FREE FRENCH SEIZE ISLANDS OFF CANADA
Washington, D.C. · December 24, 1941
On this grim date, Christmas Eve 1941, a tiny piece of Vichy France—the Atlantic islets of Saint Pierre and Miquelon, whose granite outcroppings lay just 12 miles off the Newfoundland coast adjacent to Canada—fell to the forces of Free France. It was the first French territory to be liberated in World War II. A force of three corvettes and a submarine under the command of Vice Admiral Emile Henry Muselier, whose tiny flotilla had departed from Halifax, Canada, seized the islets at the direction of Charles de Gaulle’s London-based Free French over the objections of the U.S. State Department, struggling at the moment to preserve fragile relations with Marshal Philippe Pétain’s collaborationist French regime based at Vichy and its sizable fleet at the French naval base at Toulon on the Mediterranean coast. (Under terms of the Franco-German armistice of June 1940, the French fleet remained outside German command and control.) A Christmas Day plebiscite by the citizens of Saint Pierre and Miquelon, whose supply of food and other provisions from the Canadian provinces had been cut off, voted 98 percent in favor of adhering to Free France and sacking their Vichy administrator.

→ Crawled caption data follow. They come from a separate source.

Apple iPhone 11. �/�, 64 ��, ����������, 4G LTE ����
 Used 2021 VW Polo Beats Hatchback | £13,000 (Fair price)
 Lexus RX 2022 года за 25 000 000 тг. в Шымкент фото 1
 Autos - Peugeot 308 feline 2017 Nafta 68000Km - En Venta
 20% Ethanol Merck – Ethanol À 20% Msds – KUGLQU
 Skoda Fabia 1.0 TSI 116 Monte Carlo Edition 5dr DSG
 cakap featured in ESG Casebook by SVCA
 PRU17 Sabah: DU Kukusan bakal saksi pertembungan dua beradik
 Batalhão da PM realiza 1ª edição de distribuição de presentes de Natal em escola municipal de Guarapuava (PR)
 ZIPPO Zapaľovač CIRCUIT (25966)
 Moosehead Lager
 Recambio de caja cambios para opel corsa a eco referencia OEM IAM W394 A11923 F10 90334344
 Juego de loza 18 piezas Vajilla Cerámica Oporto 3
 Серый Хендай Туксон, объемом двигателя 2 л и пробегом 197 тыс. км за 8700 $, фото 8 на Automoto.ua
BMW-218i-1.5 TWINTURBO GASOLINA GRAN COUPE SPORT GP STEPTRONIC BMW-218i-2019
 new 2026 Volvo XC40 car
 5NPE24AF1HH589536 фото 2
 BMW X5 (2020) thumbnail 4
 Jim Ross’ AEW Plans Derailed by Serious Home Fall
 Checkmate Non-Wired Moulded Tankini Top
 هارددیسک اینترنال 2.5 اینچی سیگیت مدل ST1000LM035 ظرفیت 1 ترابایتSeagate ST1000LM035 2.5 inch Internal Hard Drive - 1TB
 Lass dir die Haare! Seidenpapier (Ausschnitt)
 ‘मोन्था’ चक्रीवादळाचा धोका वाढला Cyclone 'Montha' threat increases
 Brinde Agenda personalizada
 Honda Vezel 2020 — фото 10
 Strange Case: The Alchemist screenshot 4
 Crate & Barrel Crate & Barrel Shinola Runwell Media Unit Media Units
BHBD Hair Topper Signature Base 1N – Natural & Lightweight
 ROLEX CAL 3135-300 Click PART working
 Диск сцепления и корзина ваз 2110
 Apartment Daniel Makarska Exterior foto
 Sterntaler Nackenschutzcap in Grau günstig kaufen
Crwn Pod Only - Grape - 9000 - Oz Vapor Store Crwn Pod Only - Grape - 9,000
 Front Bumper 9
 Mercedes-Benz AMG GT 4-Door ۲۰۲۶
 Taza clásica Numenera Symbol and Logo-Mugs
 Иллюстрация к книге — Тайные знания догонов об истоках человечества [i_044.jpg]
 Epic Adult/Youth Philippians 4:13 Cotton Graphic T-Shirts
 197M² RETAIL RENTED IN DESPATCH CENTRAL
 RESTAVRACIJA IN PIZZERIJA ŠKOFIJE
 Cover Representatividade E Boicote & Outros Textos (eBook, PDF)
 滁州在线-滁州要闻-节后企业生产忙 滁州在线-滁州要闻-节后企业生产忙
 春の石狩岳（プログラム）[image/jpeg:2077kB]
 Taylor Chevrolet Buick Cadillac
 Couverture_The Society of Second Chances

The one-star general de Gaulle had assumed for himself the mantle of France-in-exile, and his audacious feat of arms off the North American coast over Christmas 1941 was done, in British Prime Minister Winston Churchill’s words, “in bad faith” because it was an unauthorized action launched from a British dominion. De Gaulle’s bloodless coup de main was also done to preempt a possible joint occupation of the islets by U.S. and Canadian forces (Canada had announced its intention to land troops on the islands to prevent German use of the islands’ radio transmitter), as well as to prevent the islands’ forced “neutralization.” Indeed, earlier in December an envoy of President Franklin D. Roosevelt had met with the Vichy High Commissioner for French possessions in the western hemisphere to discuss terms for the neutralization of Saint Pierre and Miquelon, as well as Vichy’s Caribbean colonies. De Gaulle’s coup off the North American coast underscores why the Frenchman’s relationship with Roosevelt was never better than sour.
[amazon_carousel widget_type=”ASINList” width=”600″ height=”200″ title=”Recommended Reading” market_place=”US” shuffle_products=”False” show_border=”False” asin=”1620878054,1566634849,1909869090,1586482823,0471180718,1439183244,0812972821,1585672491,1904341446,0306820617″ /]
Le Grand Charles Infuriated U.S. and British Governments by Seizing Saint Pierre and Miquelon Islands
Above: Vichy France’s Saint Pierre and Miquelon Islands lay 12 miles off the Newfoundland coast of Canada and 2,373 miles from metropolitan France.
Left: Appearing first on the world stage in June 1940 as a recently promoted French brigadier general now in London exile, Charles de Gaulle quickly angered his English host, Prime Minister (since May 1940) Winston Churchill, and the President of the United States, Franklin D. Roosevelt. Churchill, who described de Gaulle in mid-1940 as “the man of destiny at the hour of reckoning,” came to view de Gaulle as selfish, vain, an opportunist, unscrupulous, “ambitious to the last decree,” a man he suspected of having “fascist tendencies.” Roosevelt viewed de Gaulle as suffering from delusions of grandeur, labeling him “well-nigh intolerable” and doubting for much of the war period that de Gaulle enjoyed the support of the French people that he claimed. Churchill and Roosevelt are alleged to have plotted to remove de Gaulle as leader of the French resistance at a critical moment in World War II. In May 1943 de Gaulle decamped from London to set up his Free French base in Algiers in North Africa, now finally freed of the Axis menace. Churchill and Roosevelt sidelined him in the planning for France’s liberation (Operation Overlord), but de Gaulle outflanked his two Western opponents when he entered Paris on August 25, 1944, set up a provisional government, and forced the Allied coalition to recognize him as France’s legitimate leader.
Right: De Gaulle fought a number of wars as the most prominent leader of the Free French movement: a public war against Germany and its Vichy hirelings and a private war against the Roosevelt administration, which promoted French Gen. Henri Giraud as a rival leader to de Gaulle, and Churchill and his British ministers. One of de Gaulle’s advisers remarked that “the General must constantly be reminded that our main enemy is Germany. If he would follow his own inclination, it would be England.” Before departing London for Algiers in 1943, de Gaulle said goodbye to Churchill’s foreign secretary, Anthony Eden, who asked him: “Do you know you have given us more difficulty than all our European allies?” De Gaulle responded: “I have no doubt of it.”